Más tarde, en mi dormitorio, abrí el viejo cuaderno verde donde tenía anotadas mis tablas de calorías y conté a grandes rasgos las de la cena. En total, ese día había superado las setecientas calorías, y yo odiaba ver un número mayor a seiscientos.

Era lo único que podía controlar en mi vida.

Si no me dejaban elegir dónde vivir, o con quiénes, o qué ropa ponerme y qué estudiar, por lo menos escogería lo que metía en mi cuerpo. No comería si no quería, porque nadie podía forzarme la comida en la garganta. Tenía una meta y la iba a alcanzar: treinta y nueve kilos, el peso perfecto.

No sería sano ni normal, pero en esa época, no me importaba. Quería ser delgada

En mi cuaderno, tenía una lista de metas de pesos y fechas concretas.

Me proponía perder medio kilo a la semana y casi siempre lo lograba con mis meticulosas cuentas. No necesitaba hacer ejercicio todavía, así que estaba reservando el esfuerzo físico para cuando mi peso se estancase.

Lloraba cada noche que tenía que cenar con ellos y me calmaba cuando agarraba mi cuaderno y contaba mis calorías.

Se suponía que debíamos estar dormidos a las diez, pero yo encendía mi lamparita y calculaba hasta asegurarme de que esa semana perdería el medio kilo que quería. Luego leía hasta las cuatro o cinco de la mañana, cuando Virginia se levantaba; entonces apagaba la luz y me hacía la dormida.

Me habría muerto de no haber dispuesto de una báscula, pero Colton no era tan inocente como parecía. Él tenía una báscula en el baño que escondía detrás de un armario, y yo ya la había encontrado.

Cada mañana me pesaba y comprobaba que estaba perdiendo peso a diario. No soportaría que el número subiese ni una décima.

Empecé a encontrar otras formas de tapar mis intenciones: por ejemplo, apartaba los granos de arroz hacia el borde del plato y parecía haber comido más de lo que en realidad comía.

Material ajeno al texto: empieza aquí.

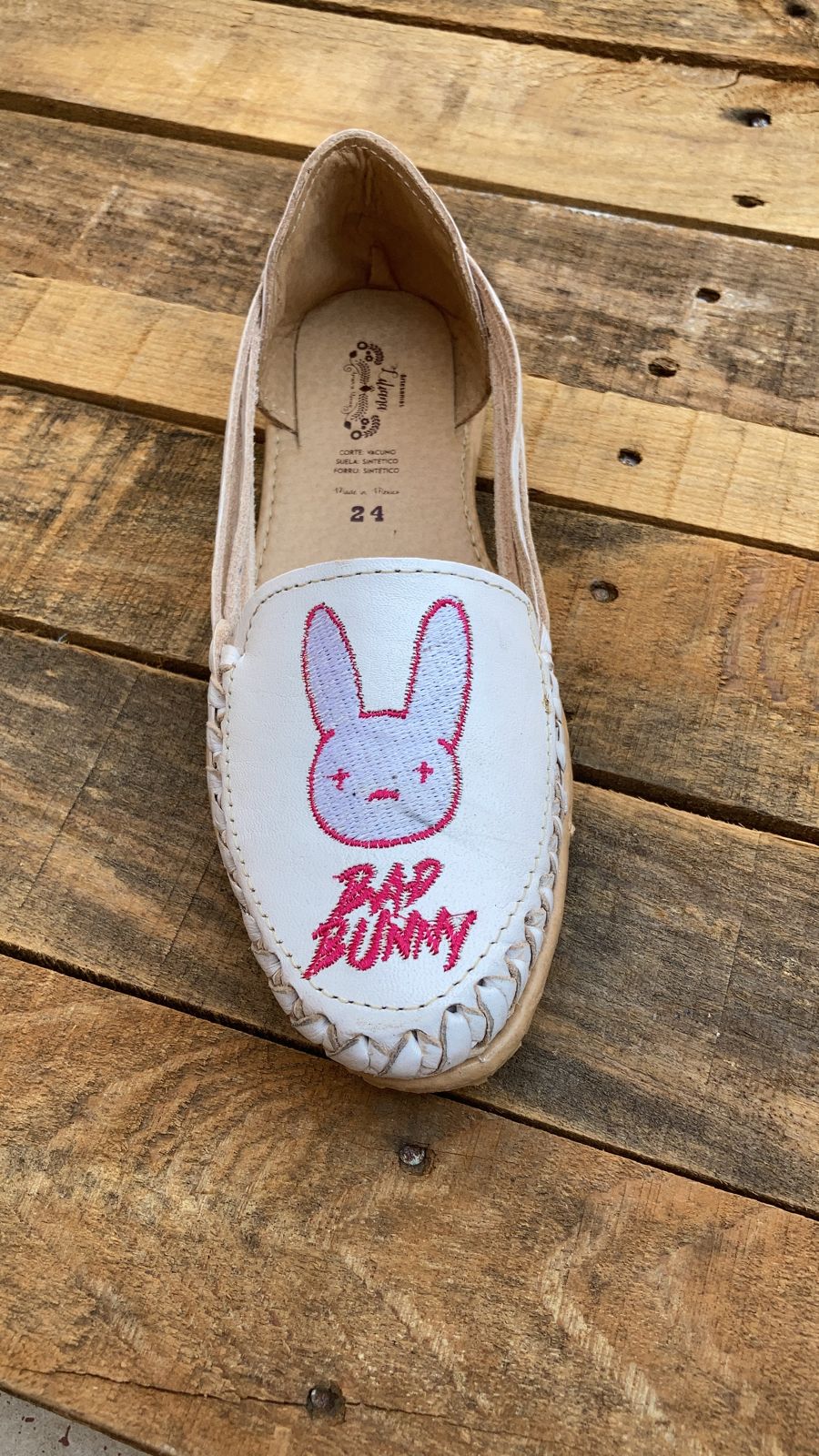 Bad bunny pink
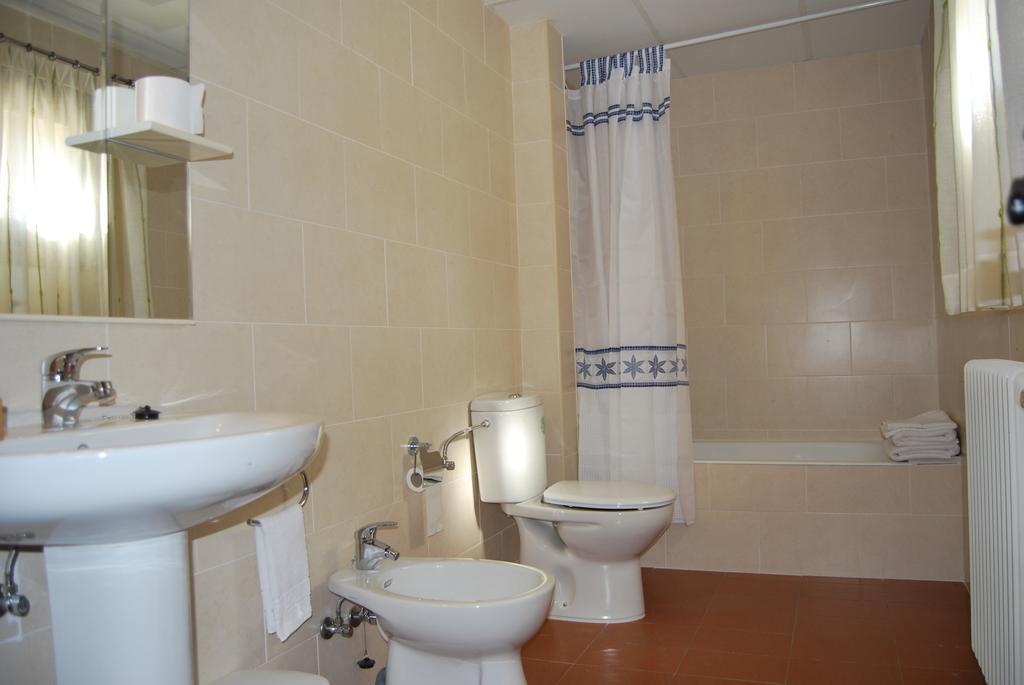 Hostal De Montana La Casa Grande Nogueruelas Bilik gambar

También bebía mucha agua para llenarme el estómago y me comía todas las verduras, pero solo una pequeña porción de los carbohidratos.

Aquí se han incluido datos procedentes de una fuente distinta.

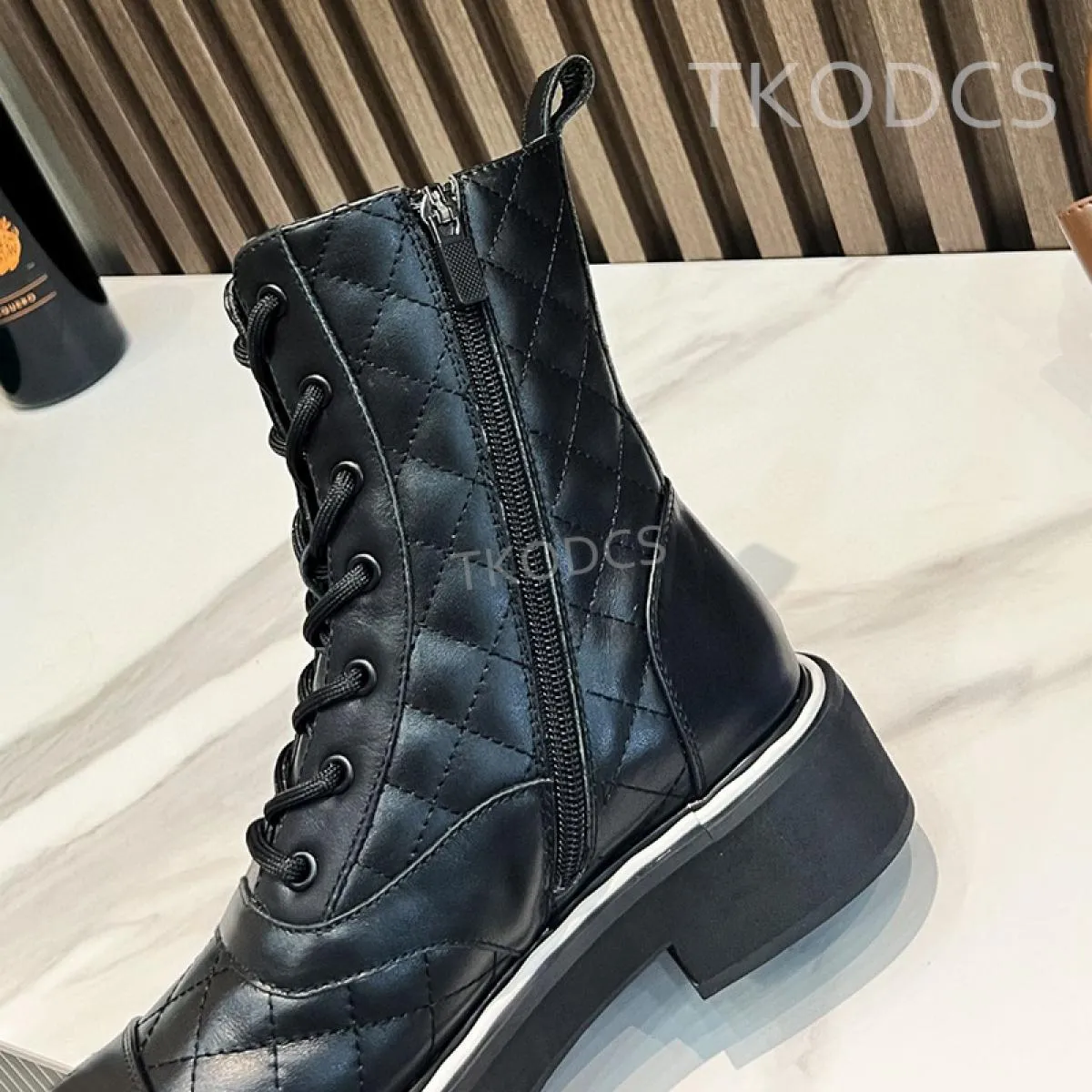 Stivaletti in pelle di mucca di lusso Stivaletti stringati con plateau e punta tonda da donna Colore misto Casual femminile fatt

Por ejemplo, Damon me compraba barritas de cereal que tenían noventa calorías cada una. Era una de las pocas cosas que comía sin escupir porque no me hacía daño.

Colton tampoco comía, así que yo no llamaba la atención. Odiaba sentarme a su lado en la mesa, porque era un chico y me daba pánico que intentase rozar nuestras rodillas por debajo de la mesa.

Pero no lo intentaba. Él sacudía la pierna bajo la mesa y yo empezaba a sospechar que también quería mantenerse delgado a la fuerza.

Una noche, mientras yo jugaba con las judías verdes de mi plato, Virginia me dijo que me inscribirían en el mismo colegio que a Colton.